Meminta maaf dengan sepenuh hati.

Tapi kenapa harus aku yang minta maaf? Itu misterius.

Secara ketat, Yukimiya-lah yang salah karena meninggalkannya begitu saja.

Sejak awal, memang seharusnya dia tidak meninggalkan pakaian berserakan, tapi tetap saja, pihak laki-laki lah yang diharuskan meminta maaf di saat seperti ini. Meskipun aku tidak tahu kenapa jadi begitu.

Yukimiya, mungkin tidak menyangka akan menerima permintaan maaf sungguh-sungguh dariku. Ia membuka mulutnya; seolah-olah kehilangan tempat untuk meletakkan tangan yang sudah yang terangkat.

"...Tidak apa-apa, kamu tidak perlu meminta maaf. Ini salahku."

Ya! Aku selamat...!

Itu menyelamatkanku. Jika hubungan kami menjadi buruk karena ini, semuanya tidak akan pernah jadi lebih baik.

Yukimiya menyembunyikan pakaian dalamnya dan kemudian menghela napas pelan.

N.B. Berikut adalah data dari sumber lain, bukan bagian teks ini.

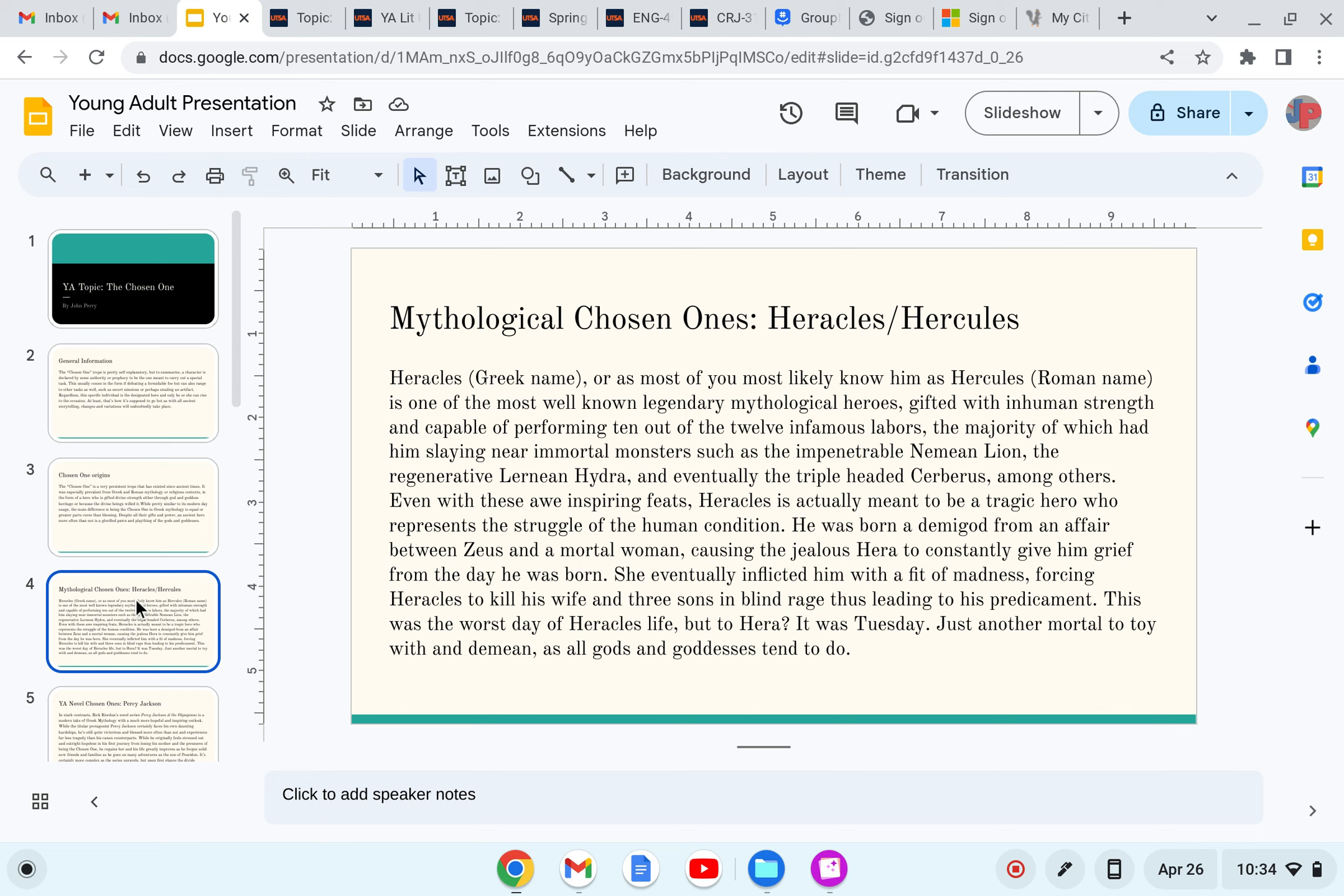Plus slaying to his predicament. This was the worst day of Heracles' life, but to the hero, it was Tuesday. Just another mortal to toil with and demean as all gods and goddesses tend to do.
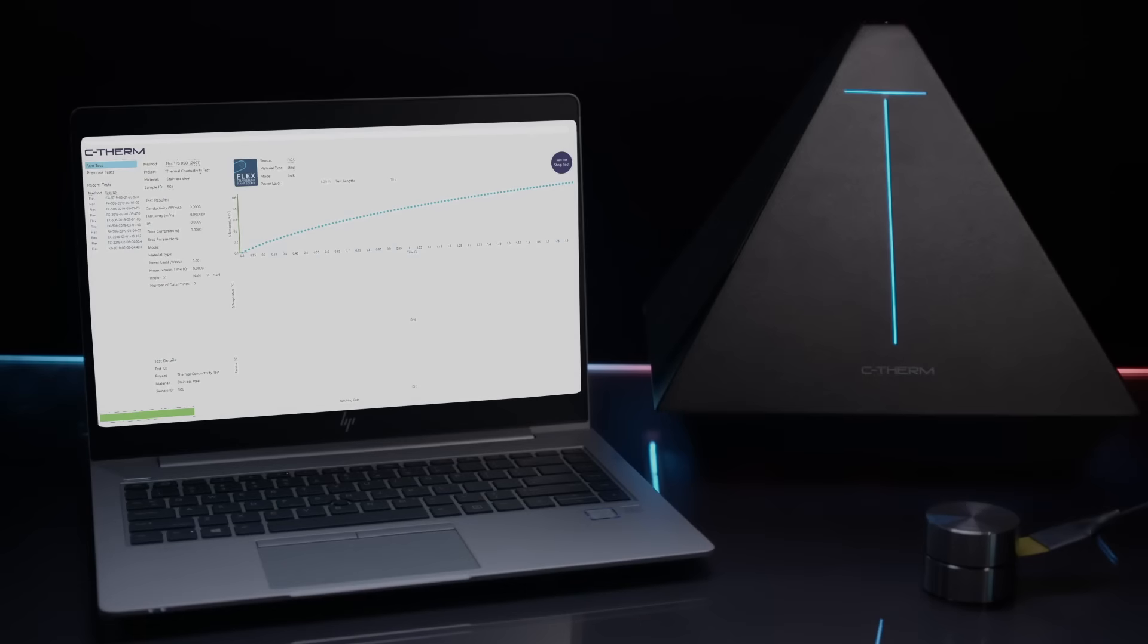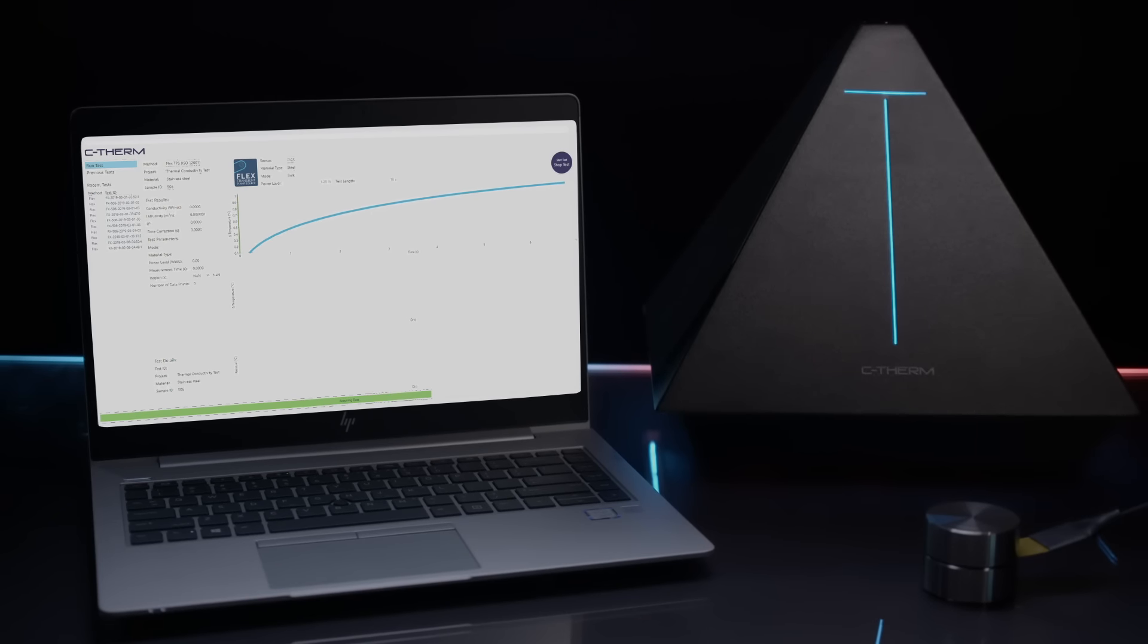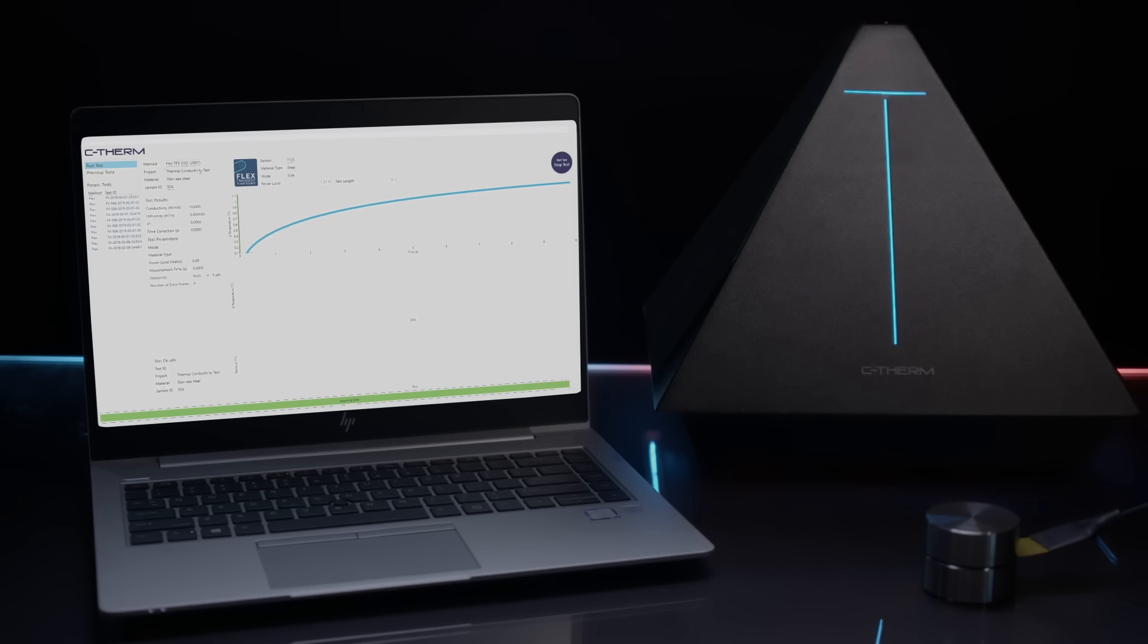C-Therm software provides full data acquisition and analysis in one user interface, allowing full control of all three methods. Intuitive, logical, easy.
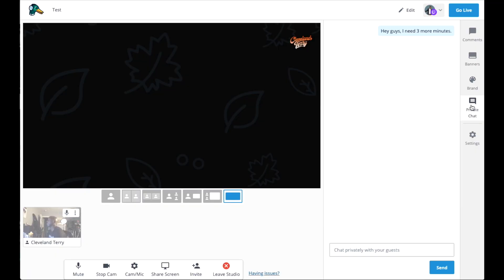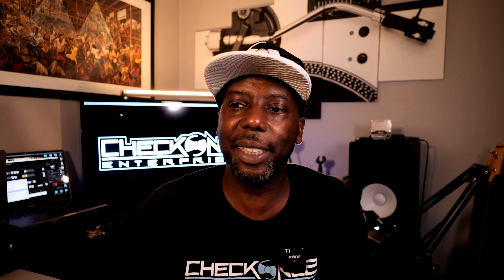One thing StreamYard does that Restream doesn't is private chat. Let's say you've invited some people and they're waiting but haven't been brought onto the stream yet — you can send them a private message saying 'give me three more minutes and then we'll get started,' and the stream doesn't see that. You could text them, but it's so much easier to do it right on the stream when you're already there.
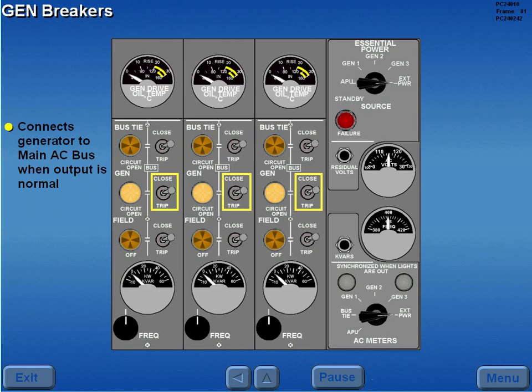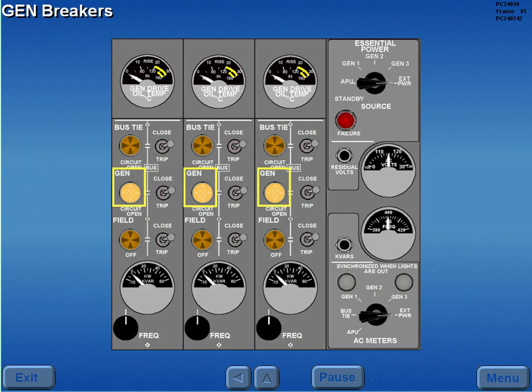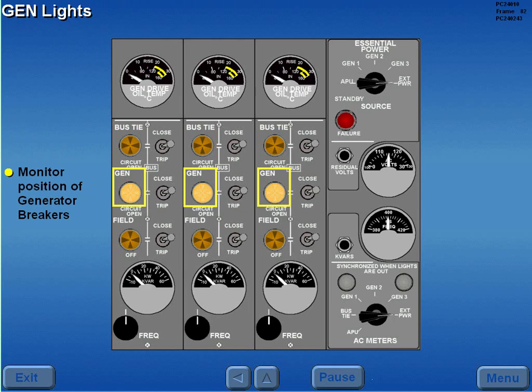When generator output is normal, the generator breakers connect the generators to the respective main AC bus. The generator lights monitor the position of the generator breakers. With the generators not operating or the breakers tripped, the lights are illuminated.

"Ayo selesaikan ini cepat. Aku lapar."

"Makanya aku bilang, makan kari di tempatku saja. Aku akan berusaha tidak menyentuh pakaianmu, jadi santai saja di sana."

"Entahlah. Kamu bilang begitu tapi mungkin kamu berencana untuk mencurinya."

"Apa kau pikir aku ini pelaku kejahatan seksual?"

"Cuman bercanda."

Apa-apaan lelucon---sensor---mu itu?


Dari sana, kami membersihkan sampah dan pakaian tanpa sepatah kata pun, dan dua jam kemudian, ruang tamu dan kamar tidur menjadi sangat bersih hingga terlihat sangat berbeda.

Untuk sampahnya, kami menaruhnya di koridor luar untuk sementara.

Dengan jumlah sampah sebanyak itu, menyimpannya di dalam kamar hanya akan mengganggu.

Aku menaruh produk mengusir kecoak di berbagai tempat, dan kemudian tinggal diakhiri dengan menyapu dan mengepel; hanya dengan itu saja, semua sudah hampir selesai.

Atau lebih tepatnya... setelah membersihkan sampah, benar-benar tidak ada apa-apa di kamar ini. Selain tempat tidur dan meja belajar, hanya ada meja dan rak yang benar-benar minimalis, dan hampir tidak ada barang-barang kecil lainnya. Bisa dipercaya jika dikatakan kalau Yukimiya adalah minimalis, karena benar-benar tidak ada apa-apa di sini.

Namun begitu, Yukimiya tampak tidak memikirkannya sama sekali, dia melihat-lihat ruang tamu yang telah bersih dengan mata berbinar.

"Wow... sekarang lantai parketnya bisa terlihat jelas..."

"Jujur, kondisi sebelumnya itu sangat aneh... dari sekarang, pastikan kau bisa membuang sampahnya dengan benar."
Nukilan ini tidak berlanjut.